Associate Professor of Information Systems
School of Business
Stacy Hollins is an associate professor of information systems at Maryville University. In this role, she teaches highly collaborative and interactive technology courses including Digital Foundations, Business Processes and Information Systems, and App Development. She also facilitates hands-on and experiential learning in Maryville’s Cyber Fusion Center while working with students to provide free hardware and software solutions to nonprofit organizations. Before joining Maryville, she served as the department chair and associate professor in the Information Systems department at St. Louis Community College. Earlier, she worked as a lab manager for a nonprofit called Discovering Options. Dr. Hollins is a graduate of the University of Missouri – St. Louis, where she earned a PhD in Educational Technology. Her dissertation, titled “The Digital Divide through the Lens of Critical Race Theory,” was named an American Libraries Association Top 10 Dissertation of 2015. She has more than 20 years of progressive technology, training, education, and management experience.

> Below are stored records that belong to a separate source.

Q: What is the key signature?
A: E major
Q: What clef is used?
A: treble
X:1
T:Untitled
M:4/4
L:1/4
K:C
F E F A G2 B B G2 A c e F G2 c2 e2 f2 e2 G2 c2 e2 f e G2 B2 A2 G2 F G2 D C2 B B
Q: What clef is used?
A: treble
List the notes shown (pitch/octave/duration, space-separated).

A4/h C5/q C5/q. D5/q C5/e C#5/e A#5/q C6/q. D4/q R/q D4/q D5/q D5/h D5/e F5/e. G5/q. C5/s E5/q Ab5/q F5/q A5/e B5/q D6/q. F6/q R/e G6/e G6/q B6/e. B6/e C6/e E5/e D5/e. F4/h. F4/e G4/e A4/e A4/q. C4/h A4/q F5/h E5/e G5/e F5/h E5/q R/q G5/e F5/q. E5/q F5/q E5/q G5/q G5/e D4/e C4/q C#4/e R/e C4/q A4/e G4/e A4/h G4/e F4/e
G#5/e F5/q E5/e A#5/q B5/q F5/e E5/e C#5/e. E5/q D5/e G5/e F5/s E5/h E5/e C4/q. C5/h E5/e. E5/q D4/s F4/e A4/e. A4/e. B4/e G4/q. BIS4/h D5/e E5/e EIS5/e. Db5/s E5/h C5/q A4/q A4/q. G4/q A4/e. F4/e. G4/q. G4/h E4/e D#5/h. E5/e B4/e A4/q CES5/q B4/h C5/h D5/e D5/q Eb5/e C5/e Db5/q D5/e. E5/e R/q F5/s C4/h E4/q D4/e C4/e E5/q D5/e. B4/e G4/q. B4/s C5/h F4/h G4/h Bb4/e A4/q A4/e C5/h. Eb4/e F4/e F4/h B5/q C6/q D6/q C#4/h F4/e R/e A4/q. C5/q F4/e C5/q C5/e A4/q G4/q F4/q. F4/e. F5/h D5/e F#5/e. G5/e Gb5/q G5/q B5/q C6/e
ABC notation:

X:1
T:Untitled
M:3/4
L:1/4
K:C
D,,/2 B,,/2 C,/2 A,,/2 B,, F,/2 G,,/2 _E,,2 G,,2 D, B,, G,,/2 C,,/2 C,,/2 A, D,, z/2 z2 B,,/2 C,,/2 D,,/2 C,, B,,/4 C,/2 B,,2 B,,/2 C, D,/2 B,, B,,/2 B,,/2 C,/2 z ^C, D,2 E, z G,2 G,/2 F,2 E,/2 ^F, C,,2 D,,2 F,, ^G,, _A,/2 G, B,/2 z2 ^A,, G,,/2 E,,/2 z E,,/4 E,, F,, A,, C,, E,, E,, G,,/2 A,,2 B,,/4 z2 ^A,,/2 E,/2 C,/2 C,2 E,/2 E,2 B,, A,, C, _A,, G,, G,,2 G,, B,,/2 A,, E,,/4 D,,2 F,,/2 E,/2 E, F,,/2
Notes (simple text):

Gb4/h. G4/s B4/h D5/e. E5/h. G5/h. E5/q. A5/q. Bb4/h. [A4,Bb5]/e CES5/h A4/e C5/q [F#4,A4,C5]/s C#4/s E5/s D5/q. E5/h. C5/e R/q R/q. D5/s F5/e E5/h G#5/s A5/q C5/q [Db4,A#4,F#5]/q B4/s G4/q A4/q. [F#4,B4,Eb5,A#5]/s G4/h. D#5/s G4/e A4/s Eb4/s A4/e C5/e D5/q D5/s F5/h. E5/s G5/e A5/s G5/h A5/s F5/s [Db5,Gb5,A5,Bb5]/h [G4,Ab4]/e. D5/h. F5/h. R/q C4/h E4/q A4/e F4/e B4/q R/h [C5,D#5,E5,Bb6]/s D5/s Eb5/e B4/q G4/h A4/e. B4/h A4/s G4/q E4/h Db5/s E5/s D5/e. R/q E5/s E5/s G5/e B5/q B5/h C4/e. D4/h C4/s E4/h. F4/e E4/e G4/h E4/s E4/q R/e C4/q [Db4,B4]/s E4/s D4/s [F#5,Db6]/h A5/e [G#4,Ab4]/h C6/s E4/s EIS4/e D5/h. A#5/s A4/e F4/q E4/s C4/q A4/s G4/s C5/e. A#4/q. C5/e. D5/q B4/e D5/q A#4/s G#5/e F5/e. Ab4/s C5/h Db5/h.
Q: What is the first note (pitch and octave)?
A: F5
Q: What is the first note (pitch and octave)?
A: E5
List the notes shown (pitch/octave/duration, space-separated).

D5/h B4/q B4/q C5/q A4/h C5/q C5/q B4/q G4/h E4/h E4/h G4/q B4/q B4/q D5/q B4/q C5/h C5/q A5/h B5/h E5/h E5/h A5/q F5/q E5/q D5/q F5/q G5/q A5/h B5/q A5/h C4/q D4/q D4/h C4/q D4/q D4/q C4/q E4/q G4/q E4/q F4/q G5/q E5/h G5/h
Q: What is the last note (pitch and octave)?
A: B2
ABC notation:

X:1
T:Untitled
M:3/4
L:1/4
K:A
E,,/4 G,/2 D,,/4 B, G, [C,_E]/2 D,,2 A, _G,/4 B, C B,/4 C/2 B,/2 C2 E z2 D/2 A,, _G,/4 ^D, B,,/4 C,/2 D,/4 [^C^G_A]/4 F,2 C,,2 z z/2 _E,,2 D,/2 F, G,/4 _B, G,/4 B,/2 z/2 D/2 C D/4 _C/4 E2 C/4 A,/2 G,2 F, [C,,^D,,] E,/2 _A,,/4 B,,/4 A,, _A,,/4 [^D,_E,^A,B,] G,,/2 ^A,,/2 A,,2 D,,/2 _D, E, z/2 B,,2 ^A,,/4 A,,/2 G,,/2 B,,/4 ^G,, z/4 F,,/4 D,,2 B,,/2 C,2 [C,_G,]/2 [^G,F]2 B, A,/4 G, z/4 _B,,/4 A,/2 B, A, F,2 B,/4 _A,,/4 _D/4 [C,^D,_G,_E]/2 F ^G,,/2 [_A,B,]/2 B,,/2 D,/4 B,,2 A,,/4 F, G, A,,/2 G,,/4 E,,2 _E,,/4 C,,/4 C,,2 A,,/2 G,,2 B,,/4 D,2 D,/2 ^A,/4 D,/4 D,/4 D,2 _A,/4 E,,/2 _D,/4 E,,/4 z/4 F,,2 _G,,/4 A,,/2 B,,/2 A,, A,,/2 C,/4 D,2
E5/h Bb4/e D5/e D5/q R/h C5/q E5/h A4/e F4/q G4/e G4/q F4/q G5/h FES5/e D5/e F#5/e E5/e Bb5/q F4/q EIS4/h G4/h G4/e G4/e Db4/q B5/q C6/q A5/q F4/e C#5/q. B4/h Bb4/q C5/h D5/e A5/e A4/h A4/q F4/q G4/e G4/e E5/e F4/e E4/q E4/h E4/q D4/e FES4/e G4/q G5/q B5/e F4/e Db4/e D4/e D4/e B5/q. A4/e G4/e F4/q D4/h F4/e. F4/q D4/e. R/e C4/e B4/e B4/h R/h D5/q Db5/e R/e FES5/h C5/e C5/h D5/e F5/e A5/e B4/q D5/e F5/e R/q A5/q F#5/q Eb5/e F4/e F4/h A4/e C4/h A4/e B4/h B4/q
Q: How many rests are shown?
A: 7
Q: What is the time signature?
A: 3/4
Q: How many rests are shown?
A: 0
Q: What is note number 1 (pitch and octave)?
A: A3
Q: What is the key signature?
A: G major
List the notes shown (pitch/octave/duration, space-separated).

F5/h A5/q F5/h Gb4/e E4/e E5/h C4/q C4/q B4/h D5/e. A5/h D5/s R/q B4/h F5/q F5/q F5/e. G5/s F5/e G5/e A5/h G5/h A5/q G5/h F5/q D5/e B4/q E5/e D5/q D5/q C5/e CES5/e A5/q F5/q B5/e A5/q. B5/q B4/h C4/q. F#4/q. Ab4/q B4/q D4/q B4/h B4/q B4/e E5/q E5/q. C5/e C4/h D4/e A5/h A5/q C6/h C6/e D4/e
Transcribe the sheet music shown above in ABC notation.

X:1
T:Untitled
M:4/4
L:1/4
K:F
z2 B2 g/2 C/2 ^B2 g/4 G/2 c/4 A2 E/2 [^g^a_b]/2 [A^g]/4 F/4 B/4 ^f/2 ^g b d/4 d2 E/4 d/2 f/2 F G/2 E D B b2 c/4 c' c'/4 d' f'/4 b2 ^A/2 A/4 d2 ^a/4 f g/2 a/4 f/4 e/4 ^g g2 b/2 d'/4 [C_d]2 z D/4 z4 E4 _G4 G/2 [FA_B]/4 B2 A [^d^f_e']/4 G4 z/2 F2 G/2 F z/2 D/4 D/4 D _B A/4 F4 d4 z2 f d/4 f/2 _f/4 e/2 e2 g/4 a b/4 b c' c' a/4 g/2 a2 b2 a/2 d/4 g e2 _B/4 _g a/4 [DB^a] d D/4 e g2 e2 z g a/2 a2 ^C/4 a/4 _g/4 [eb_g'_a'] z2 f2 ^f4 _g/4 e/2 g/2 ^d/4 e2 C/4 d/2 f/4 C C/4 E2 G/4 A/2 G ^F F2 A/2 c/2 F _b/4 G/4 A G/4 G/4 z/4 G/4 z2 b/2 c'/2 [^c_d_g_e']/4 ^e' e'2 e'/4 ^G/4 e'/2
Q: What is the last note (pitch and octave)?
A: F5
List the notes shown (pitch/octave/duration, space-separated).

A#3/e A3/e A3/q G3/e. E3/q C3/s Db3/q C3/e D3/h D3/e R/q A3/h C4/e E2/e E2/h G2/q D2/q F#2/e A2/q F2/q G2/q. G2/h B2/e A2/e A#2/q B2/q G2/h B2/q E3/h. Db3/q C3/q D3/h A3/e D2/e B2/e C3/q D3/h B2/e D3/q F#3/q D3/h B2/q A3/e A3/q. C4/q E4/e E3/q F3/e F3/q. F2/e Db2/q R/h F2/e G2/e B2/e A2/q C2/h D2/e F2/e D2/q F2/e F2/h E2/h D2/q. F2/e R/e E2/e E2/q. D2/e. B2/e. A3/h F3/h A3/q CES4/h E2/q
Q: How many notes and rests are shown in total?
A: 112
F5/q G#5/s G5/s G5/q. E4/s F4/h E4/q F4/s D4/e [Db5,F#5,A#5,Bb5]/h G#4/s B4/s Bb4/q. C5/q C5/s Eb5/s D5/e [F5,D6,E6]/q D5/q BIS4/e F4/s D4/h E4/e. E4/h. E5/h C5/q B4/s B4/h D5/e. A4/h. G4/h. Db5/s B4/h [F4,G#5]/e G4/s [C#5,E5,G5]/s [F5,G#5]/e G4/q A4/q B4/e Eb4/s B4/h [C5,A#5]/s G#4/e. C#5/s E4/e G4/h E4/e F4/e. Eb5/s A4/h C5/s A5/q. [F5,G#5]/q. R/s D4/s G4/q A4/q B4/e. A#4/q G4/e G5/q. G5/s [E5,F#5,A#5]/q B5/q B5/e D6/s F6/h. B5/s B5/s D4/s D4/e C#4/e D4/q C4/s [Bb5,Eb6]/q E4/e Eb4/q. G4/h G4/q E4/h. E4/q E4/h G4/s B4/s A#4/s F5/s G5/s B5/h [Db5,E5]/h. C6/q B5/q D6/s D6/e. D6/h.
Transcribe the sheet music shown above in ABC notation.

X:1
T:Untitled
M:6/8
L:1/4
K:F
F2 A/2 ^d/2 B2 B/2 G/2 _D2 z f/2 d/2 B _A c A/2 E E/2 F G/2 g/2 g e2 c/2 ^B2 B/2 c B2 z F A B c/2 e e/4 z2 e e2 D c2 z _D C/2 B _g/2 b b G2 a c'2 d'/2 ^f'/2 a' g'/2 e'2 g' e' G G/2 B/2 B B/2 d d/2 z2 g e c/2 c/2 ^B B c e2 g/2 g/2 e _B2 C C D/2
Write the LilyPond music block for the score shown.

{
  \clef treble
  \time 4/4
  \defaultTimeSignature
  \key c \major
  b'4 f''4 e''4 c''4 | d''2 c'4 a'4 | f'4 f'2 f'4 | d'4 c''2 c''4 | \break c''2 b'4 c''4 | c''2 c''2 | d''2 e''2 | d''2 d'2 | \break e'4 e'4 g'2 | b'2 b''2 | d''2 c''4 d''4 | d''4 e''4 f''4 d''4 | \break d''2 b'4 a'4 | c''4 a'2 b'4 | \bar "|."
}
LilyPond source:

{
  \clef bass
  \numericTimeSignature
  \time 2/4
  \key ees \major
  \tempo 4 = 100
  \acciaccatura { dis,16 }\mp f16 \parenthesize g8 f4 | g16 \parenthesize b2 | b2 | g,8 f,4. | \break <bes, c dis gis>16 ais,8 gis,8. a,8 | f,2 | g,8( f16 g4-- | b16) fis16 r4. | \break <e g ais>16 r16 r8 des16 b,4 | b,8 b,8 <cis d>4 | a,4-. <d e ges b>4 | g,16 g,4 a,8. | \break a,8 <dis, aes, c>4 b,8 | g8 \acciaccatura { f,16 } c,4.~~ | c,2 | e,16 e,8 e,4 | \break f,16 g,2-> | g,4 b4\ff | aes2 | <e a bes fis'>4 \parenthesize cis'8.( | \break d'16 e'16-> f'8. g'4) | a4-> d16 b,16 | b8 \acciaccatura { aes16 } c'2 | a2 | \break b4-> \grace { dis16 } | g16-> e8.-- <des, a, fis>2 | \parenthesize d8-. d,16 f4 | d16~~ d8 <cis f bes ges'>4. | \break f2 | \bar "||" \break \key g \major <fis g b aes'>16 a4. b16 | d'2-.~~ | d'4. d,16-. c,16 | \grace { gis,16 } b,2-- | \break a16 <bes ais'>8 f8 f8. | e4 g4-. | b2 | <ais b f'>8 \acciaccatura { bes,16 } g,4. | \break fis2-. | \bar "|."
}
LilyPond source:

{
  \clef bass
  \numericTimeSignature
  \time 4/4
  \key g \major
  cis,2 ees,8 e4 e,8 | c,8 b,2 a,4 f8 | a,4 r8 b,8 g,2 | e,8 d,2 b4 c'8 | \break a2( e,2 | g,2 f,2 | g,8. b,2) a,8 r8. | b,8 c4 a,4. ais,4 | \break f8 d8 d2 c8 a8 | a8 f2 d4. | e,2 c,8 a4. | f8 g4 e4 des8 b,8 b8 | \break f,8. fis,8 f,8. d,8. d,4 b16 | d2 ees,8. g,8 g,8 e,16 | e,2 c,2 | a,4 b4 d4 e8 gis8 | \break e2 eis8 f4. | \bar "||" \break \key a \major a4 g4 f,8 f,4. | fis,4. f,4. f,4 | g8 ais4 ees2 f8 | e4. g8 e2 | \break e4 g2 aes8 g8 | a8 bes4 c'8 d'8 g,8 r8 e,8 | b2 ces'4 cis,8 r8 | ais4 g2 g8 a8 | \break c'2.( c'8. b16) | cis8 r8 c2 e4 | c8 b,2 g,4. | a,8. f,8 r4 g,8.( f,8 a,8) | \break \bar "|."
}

Determined to close the diversity gap in tech: How Professor Hollins found her true calling
Stacy Hollins, an associate professor of information systems at Maryville University, had her first experience with computers because of her close relationship with her grandmother. At the age of 13, an industrious Hollins started working at a downtown St. Louis nursing home that her grandmother ran. She did light secretarial work at first, filing and typing letters for her grandmother on a typewriter. Little did Hollins know that a new piece of office equipment would change the course of her life.
“I was very interested in the computer because I had been typing on a typewriter,” Hollins said. “That’s when I realized it was something that was going to change the world.”
Hollins had a natural affinity for using and understanding the new technology, and it was an innovation that set her grandmother’s business apart as well. She said that using the computer was a differentiator, making the nursing home look more professional than its competitors. This early introduction to computing technology laid the groundwork for Hollins’ career, as she is now the assistant dean and associate professor for information systems at Maryville University.
Since all of Hollins’ professional life has run in tandem with the information technology revolution, it comes as no surprise that she has unique insights into some of the most pressing issues in the technology industry today. Hollins is keenly aware of the need to increase diversity in the technology field and the importance of educating everyone about including people of color in the industry, especially in leadership roles. Her PhD dissertation, titled “The Digital Divide through the Lens of Critical Race Theory,” was named an American Libraries Association Top 10 Dissertation of 2015.
Hollins’ passion for working with technology was a game-changer for her career. As she progressed as a professional, she realized all of her advancements were in large part due to her ability to understand and implement new technologies to improve the efficiency of business practices. “Every time I was promoted or moved to a different job, it was a direct result of my technical skills and being able to use them in business to help businesses profit,” Hollins reflects.
She wanted to use that realization to encourage more people, especially women and people of color, to consider careers in technology. As Hollins spent more time in high-level tech meetings, she was keenly aware that she was often the only woman in the room and the only person of color. The inequity of technology was obvious in her work, and she was determined to find ways to understand and tackle the digital divide.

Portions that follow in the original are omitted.